Carlisle officials and local residents met with representatives from Smart Growth America on September 23 and 24, 2013 as part of a free, grant-funded technical assistance program. The workshop provided recommendations to enhance the community’s walkability, and hence safety, particularly in the area adjacent to Iowa 5, a very busy highway that bisects the city.
“Carlisle is very interested in implementing smart growth solutions. The economic and environmental well-being of our residents and businesses depends on a thoughtful and reasonable pattern of growth across our region,” said Mayor Ruth Randleman. “In fact, we see smart growth solutions as the only responsible way to address the needs of our pedestrians, bicyclists, and motorists.”
On September 23, Carlisle residents gathered for an introductory presentation that featured a broad overview of the state of the city’s pedestrian facilities and how a walkability audit would help improve them.
In November 2012, Carlisle was one of 22 communities selected by Smart Growth America to participate in the free technical assistance program. Stretching from Maine to Washington State, these communities represent major cities, suburban centers, and rural towns alike.

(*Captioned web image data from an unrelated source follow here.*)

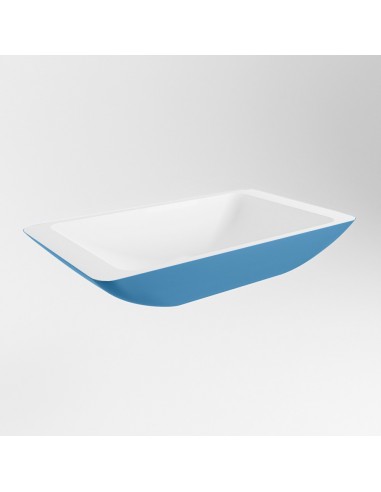 Se TOPI håndvask 59,5 x 34,5 cm Solid surface - Talkum/Jeansblå hos Lepong.dk
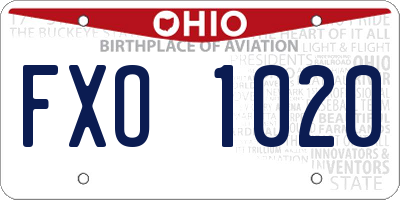 OH license plate FXO1020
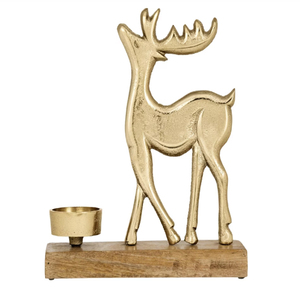 Porte-bougie de Noël en forme de renne, nouveau design, finition or et nickel, avec base en bois de manguier - Product Image 1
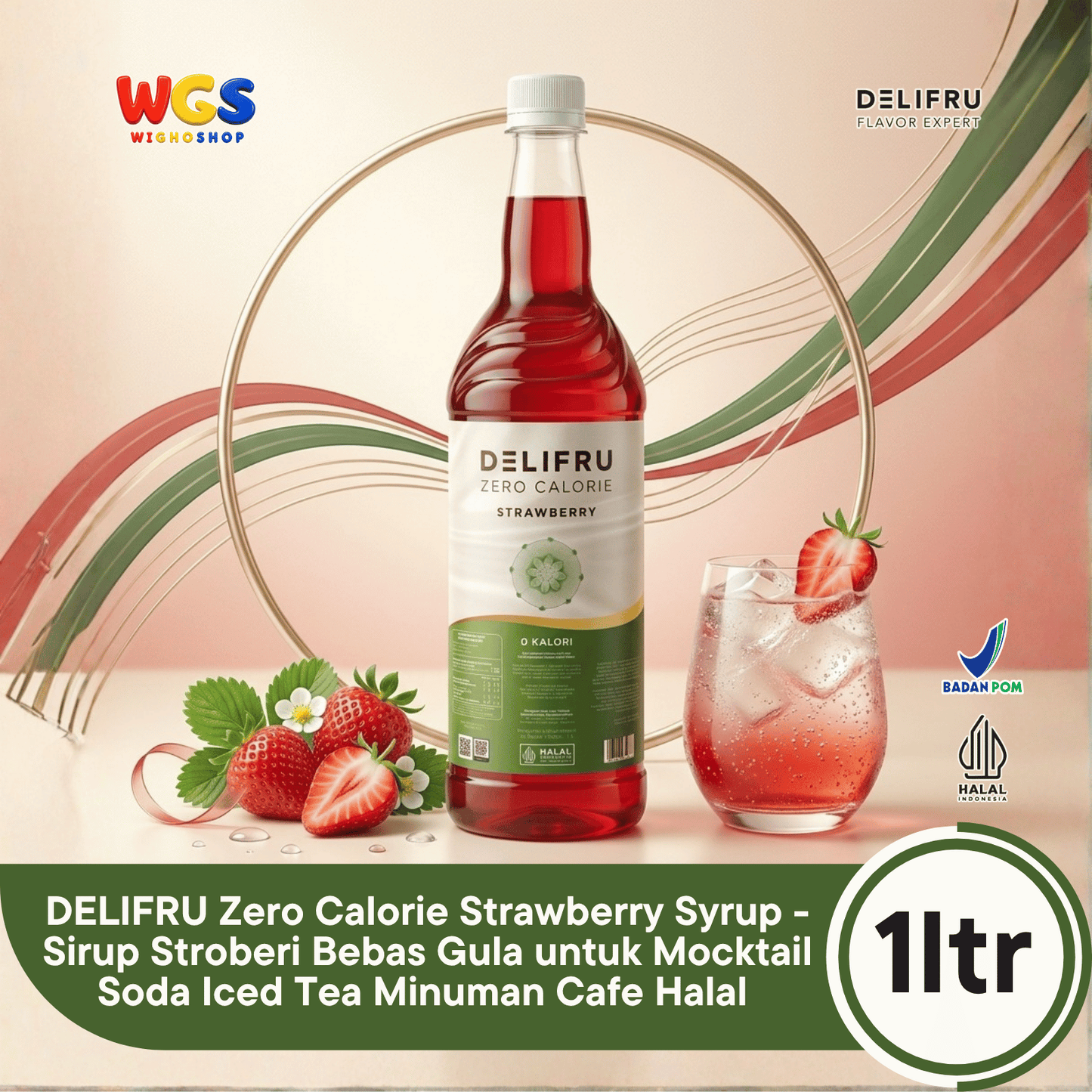 DELIFRU Zero Calorie Strawberry Syrup 1 Liter - Sirup Stroberi Bebas Gula untuk Mocktail Soda Iced Tea Minuman Cafe Halal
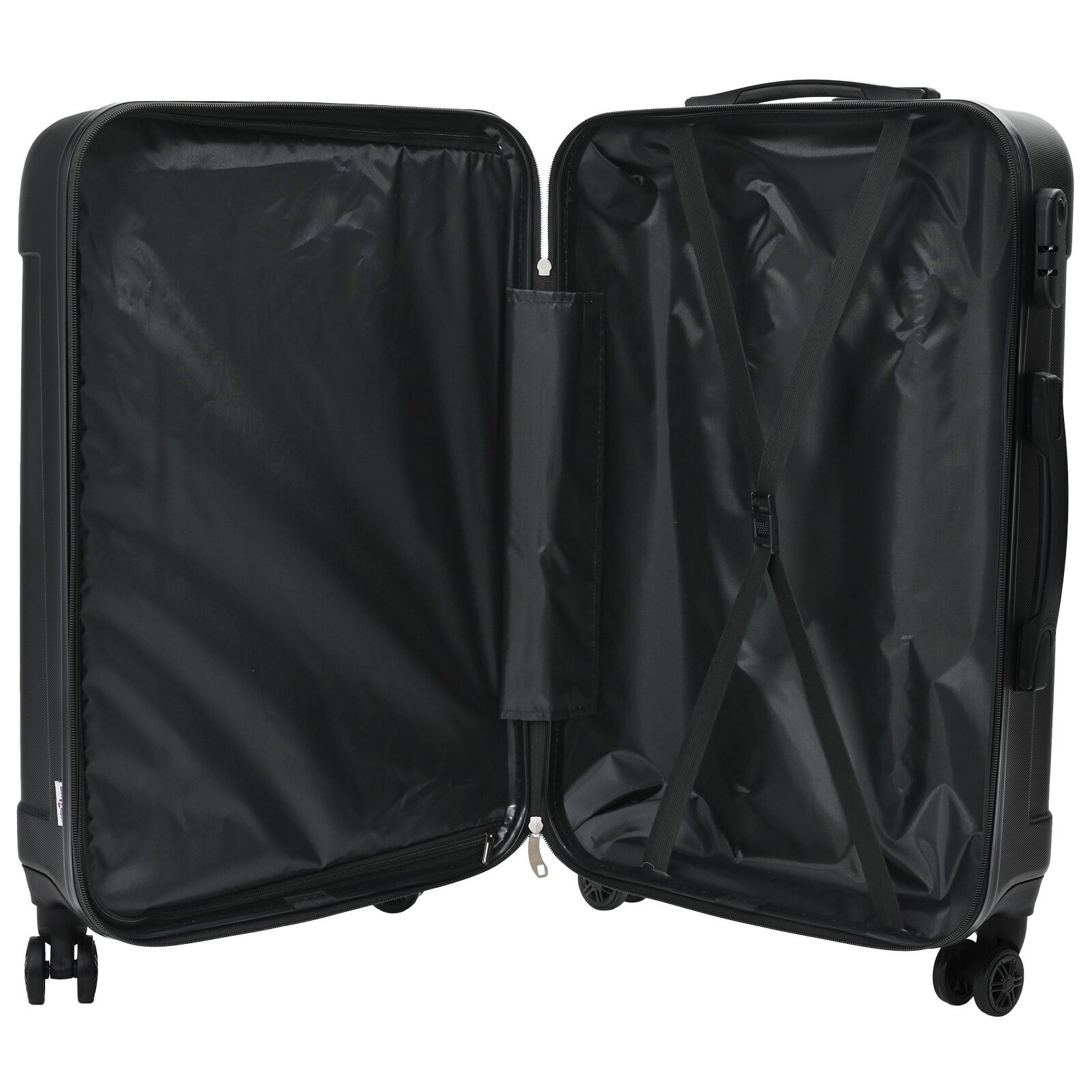 vidaXL Suitcase with Lock 3 pcs Black 50 x 31 x 78 cm ABS Plastic
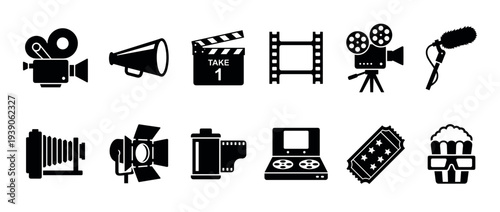 Black silhouette icons for movie production and cinema entertainment, featuring a film camera, clapperboard, microphone, and popcorn in a minimalist graphic vector illustration set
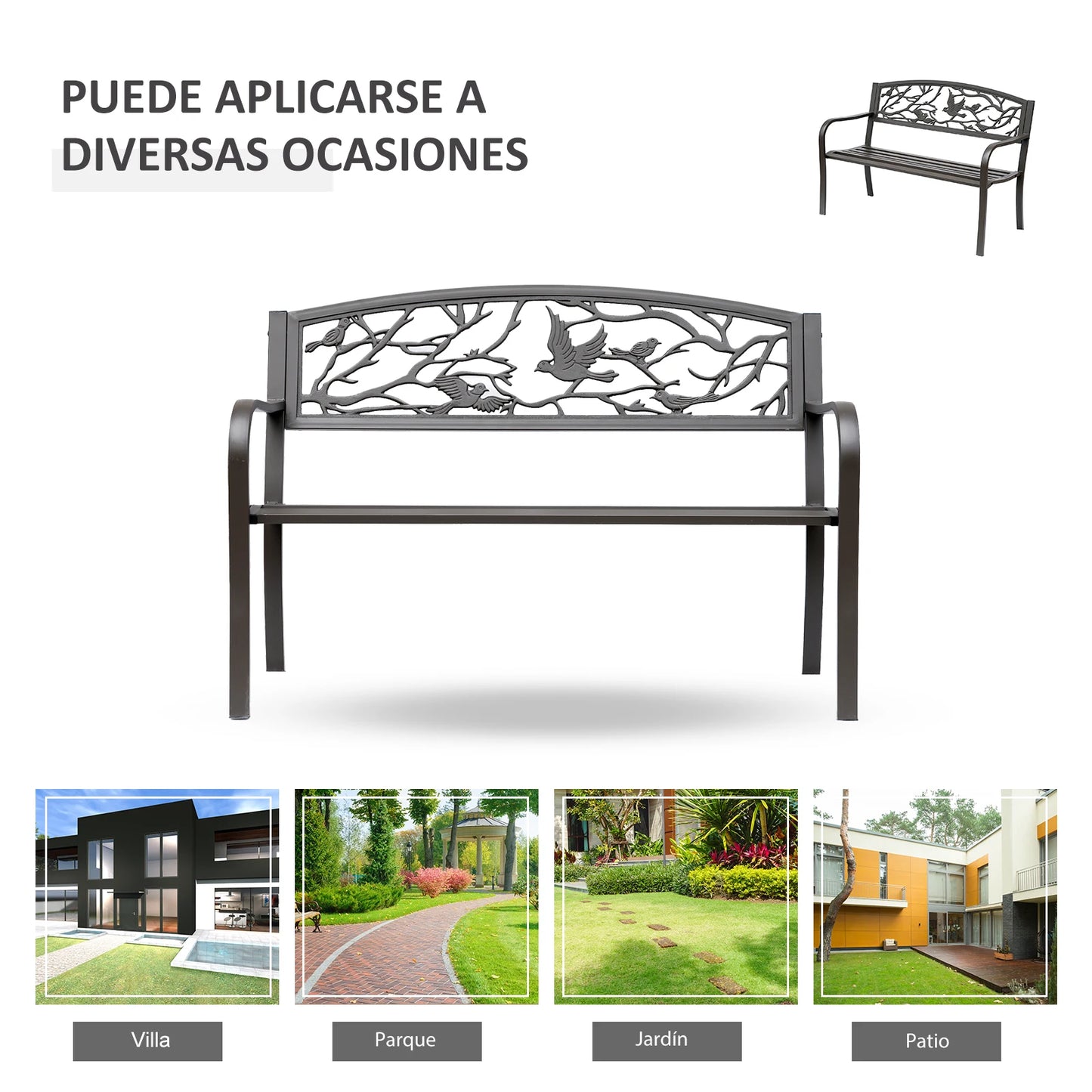 Tuin Bank - Tuinbank Hout - Tuinbanken - Garden Furniture - Stalen Tuinbank met Decoratieve Rugleuning en Dierenmotief - 127x60x85 cm - Chocoladebruin - QUORE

The technical workshop program is made possible through a five-year Building Blocks for Sustainable Communities grant from the U.S. Environmental Protection Agency’s Office of Sustainable Communities, which seeks to develop local planning solutions that help communities grow in ways that benefit families and businesses, while protecting the environment and preserving a sense of place. Three other nonprofit organizations—Forterra, Global Green USA and Project for Public Spaces—also received competitively awarded grants this year to help communities get the kinds of development they want.